The Bible is a religious, social, and historical chronicle of God's work in the lives of a specific group of people during a specific period of history, but it's not science. The teachings and message of the Bible are just as valid for us today as at any time in history, but it was not intended to be a scientific textbook. To quote from the 1963 Baptist Faith and Message (the first creed/confession I found online that dealt specifically with the Bible):

"The Holy Bible was written by men divinely inspired and is the record of God's revelation of Himself to man. It is a perfect treasure of divine instruction. It has God for its author, salvation for its end, and truth, without any mixture of error, for its matter. It reveals the principles by which God judges us; and therefore is ... the true center of Christian union and the standard by which all human conduct, creeds, and religious opinions should be tried."

Even the Baptists see the Bible as a book of divine instruction, not scientific knowledge. While many (myself included) accept the Creation account in Genesis as both literal and true, that does not make the Bible scientific literature. Genesis explained to the Israelites how the world began, but the focus was on man's fall and God's work of redemption as a result. It's certainly not a text you can prop up next to a beaker and test tubes in a lab and expect to receive guidance.

To use a different book as an example, the Bible cannot be used as scientific literature any more than Alexandre Dumas' The Three Musketeers can be used as a history of France. Neither was intended for that purpose. Scientific literature, by its very definition, implies that experimentation has taken place: tests conducted, theories tested, hypotheses proved or disproved. This cannot be done with the Bible, or with any other historical or religious book. There are ways to test, to a certain degree, the accuracy of historical and religious texts, but even that doesn't make them science.
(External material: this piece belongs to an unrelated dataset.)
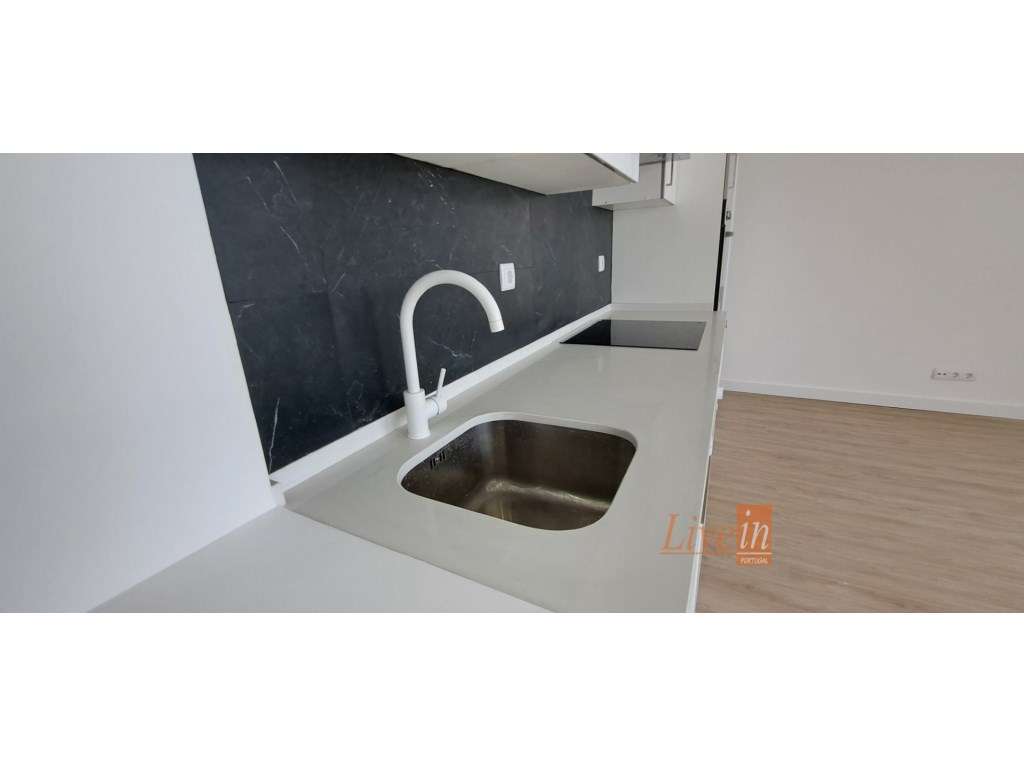 Apartamento T4 na Amadora - Grande imagem: 4/10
We might also do well to remember that while the Bible has proven reliable throughout the centuries, science has a much more checkered past. At various time through history, scientists (or the closest thing available at the time) have been absolutely positive that the sun revolved around the earth, that the world was flat, and that bloodletting was the cure for almost every disease. It seems like every few hundred years or so, everything science has presented as fact turns out to be wrong. Even Darwin's theory of evolution has been largely dismissed in recent years, though the media and anti-Christian groups often refuse to acknowledge this. Yet the Bible has remained true.

One of the biggest problems inherent in the ongoing debate regarding the "science" of the Bible is that the two sides spend so much time arguing evolution versus creation that they miss the point of the book. While we debate the "real" length of a day in the Bible, we completely ignore the people that Jesus told us to pay attention to: the lost, the sick, the outcast, the oppressed, and the poor.
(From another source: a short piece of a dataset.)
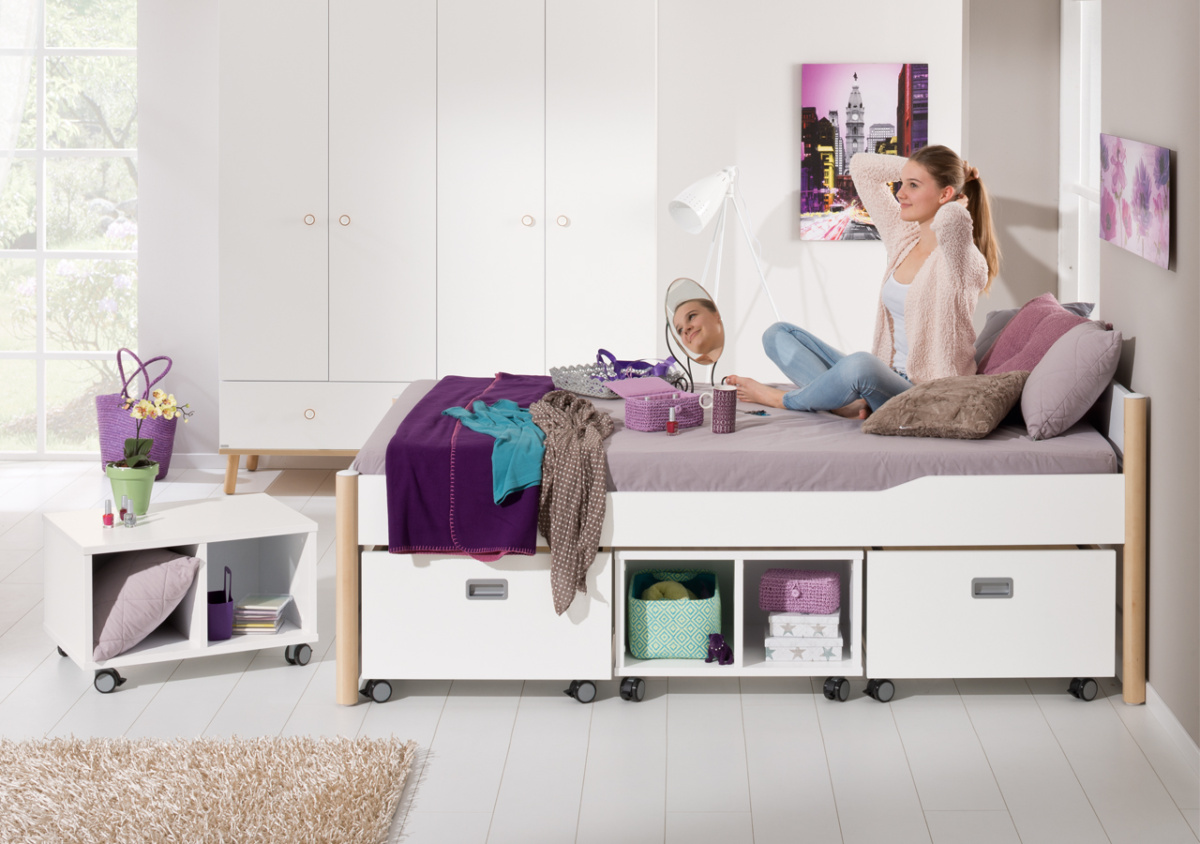 Stauraum Ylvie Kojenbett mit Rollbox und Rollregal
Perhaps rather than trying to determine if the Bible can be used as a book of science we should be wondering why it's no longer being used as our guide for faith and morals. It seems like the more people question the reliability of the Bible (in spite of vast archaeological support of the historical accounts), the more they throw out the essential message as well. Sadly, it seems the Bible does have one thing in common with a college Organic Chemistry textbook today: most of us aren't reading either one.